WALNUT RIDGE, Ark. – The June 20 meeting of the Walnut Ridge City Council was a lengthy one and it did not help matters when the air conditioner went out.
However, despite the heat, Mayor Charles Snapp and aldermen moved forward on three properties up for condemnation, chose a new ward map and discussed several other matters with residents.
The first order of business was several properties in dilapidated condition, including one referenced as the “Krepps Building” at the corner Custom and Miller Roads, owned by Aerotech Machine Company; A building at 121 SE Front Street, owned by the Jansen Family Living Trust; And a building at 3566 U.S. 67 North, owned by Wanda Thorton and Louise Sifford, but maintained by former Mayor JR Rogers.
Because of scheduling issues, the former mayor spoke to the council first. Rogers told the roomful at the police complex the building, formerly his, was sold to his sisters Wanda and Louise two decades back. He said the building had sentimental value and after the death of his son, he had been unable to address issues with its condition. However, he also said he had spent nearly $10,000 on materials and construction costs to bring it back up to code.
With alderman Jeff Taylor voicing and voting his disapproval, the council voted to condemn the property but also decided to give Rogers and his sisters time under the new “Agreement to Rehabilitate” Snapp and City Attorney Nancy Hall presented to the council. As NEA Report detailed earlier, the agreement is a true ‘final chance’ for owners of property to save their structure.
Rogers talked to NEA Report before the council meeting. He stressed his commitment to making Walnut Ridge a more beautiful community through past acts and said he has purchased buildings and fixed them up to the city’s approval before.
Similarly, the Krepp’s building was also condemned but given the option to enter into a rehab agreement.
“In short, if they don’t agree to the agreement and post up the funds in the escrow account, or file a lawsuit, the building could be ready to raze,” Snapp said.

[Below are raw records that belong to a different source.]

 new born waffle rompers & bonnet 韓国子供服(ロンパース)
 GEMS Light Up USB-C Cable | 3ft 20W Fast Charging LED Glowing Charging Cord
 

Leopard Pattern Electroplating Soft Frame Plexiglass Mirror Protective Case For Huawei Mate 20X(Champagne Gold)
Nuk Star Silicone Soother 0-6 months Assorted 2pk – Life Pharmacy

However, because of several circumstances, not the least of which was the willingness by the representative to fix the property, the building owned by the Jansen Family Trust was given one more month before action was to be taken.

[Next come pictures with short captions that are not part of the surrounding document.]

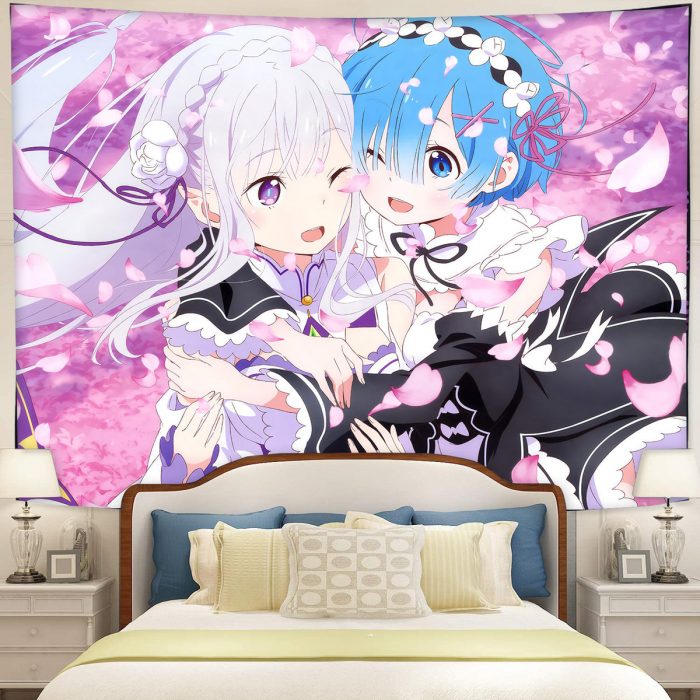 Ram And Emilia Rezero Anime Tapestry Room Decor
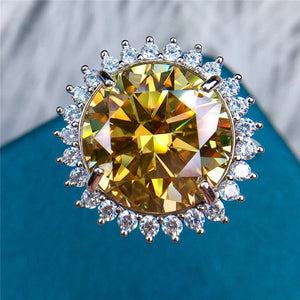 10 Carat Round Moissanite Ring Sunburst Halo Certified VVS Vivid Yellow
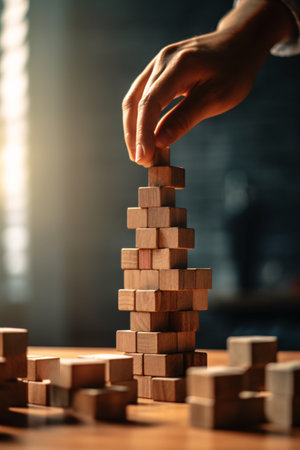 Close-up image of businessman's hand placing wooden blocks on top of a towerの素材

Another order of business in the packed meeting was selecting which ward option the city would redesign its boundaries to. Following the recent College City consolidation election, overwhelmingly approved by voters, Snapp said new wards would need to be redrawn to allow for residents of College City to run for city office in Walnut Ridge. Both communities will officially be one January 1, 2017.

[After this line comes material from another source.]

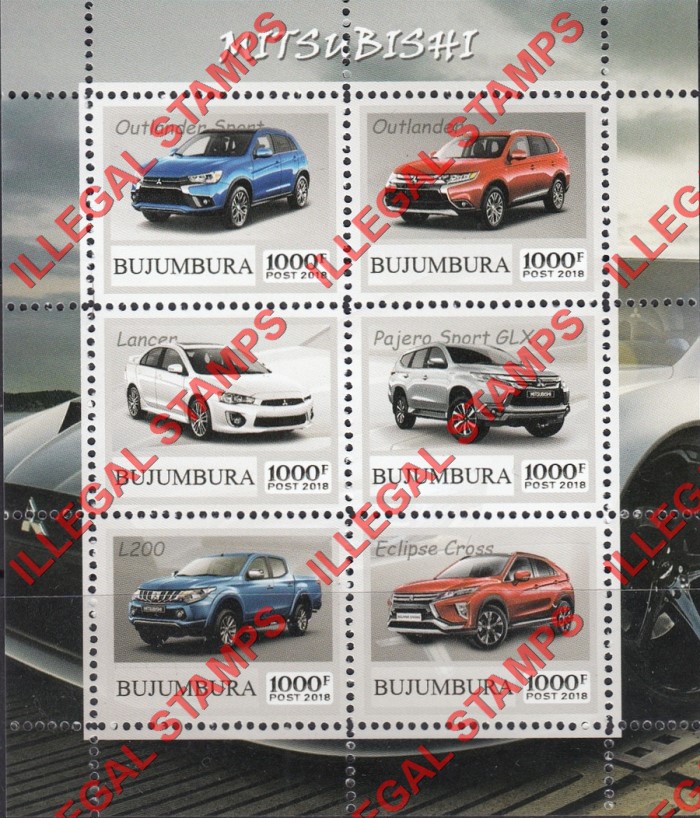 Bujumbura 2018 Cars Mitsubishi Counterfeit Illegal Stamp Souvenir Sheet of 6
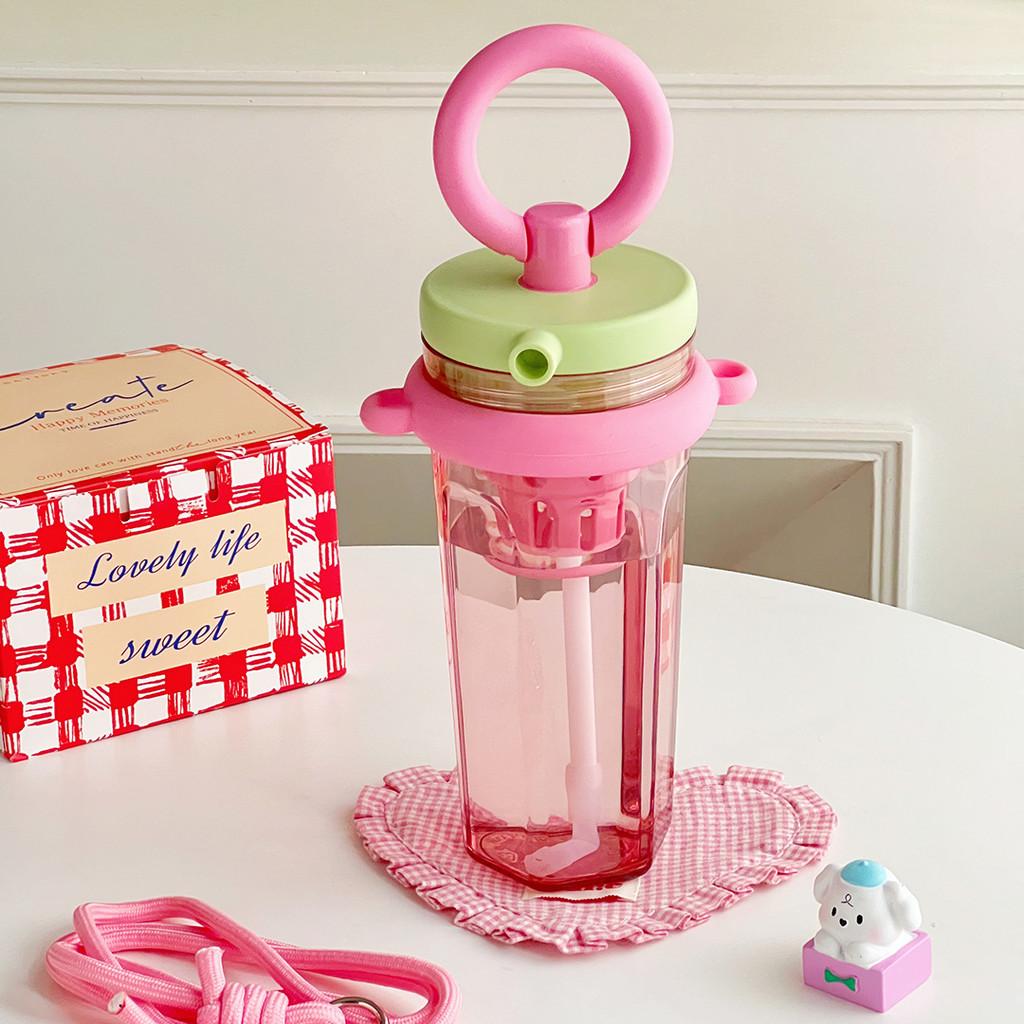 Summer Girls Water Bottle With Straw Portable Ecofriendly Plastic Cup For School And Outdoors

With the three options all having been made available to the public for review, the council discussed the differences in the three options. The primary difference was in option one, none of the current council members would be outside of their respective wards. This seemed to be a motivating factor behind the vote to approve the choice.
The vote was made in an emergency clause and option one was selected by the city council.
With the city still adjusting to a new dog ordinance, some questions were presented to the council about the use of ‘invisible’ electric fences. The current ordinance which went into effect this year requires dogs to be fenced on a property. A couple who own two doberman pinschers were given a warning ticket for not having a physical fence, even though they have an invisible fence which contains the animals as well as any physical fence.
Council members discussed making an exception for these types of fences but with the variety of technology available to the public, no solutions seemed to be one-size-fits-all. A committee was formed to study the options and make recommendations on the issue at a later date.
Because of health reasons, city clerk/treasurer Pam Kopp tendered her resignation effective June 31. With the council meeting in an executive session to decide her replacement, city administrative assistant Sharon Henson was chosen to complete the current term, expiring Dec. 31, 2016. Afterwards, Henson or others may choose to run for the elected office.
While discussion had been placed on the agenda for laws addressing solicitors, either charity or business-based, alderman Jon Walter echoed the feelings of most in the room. He said he was mentally burned out from the meeting’s length and felt no useful discussion would come until a later date. All seemed to agree and the matter was tabled for later discussion.
Snapp also decided to wait before moving forward with other condemnations until the ones being addressed presently are resolved.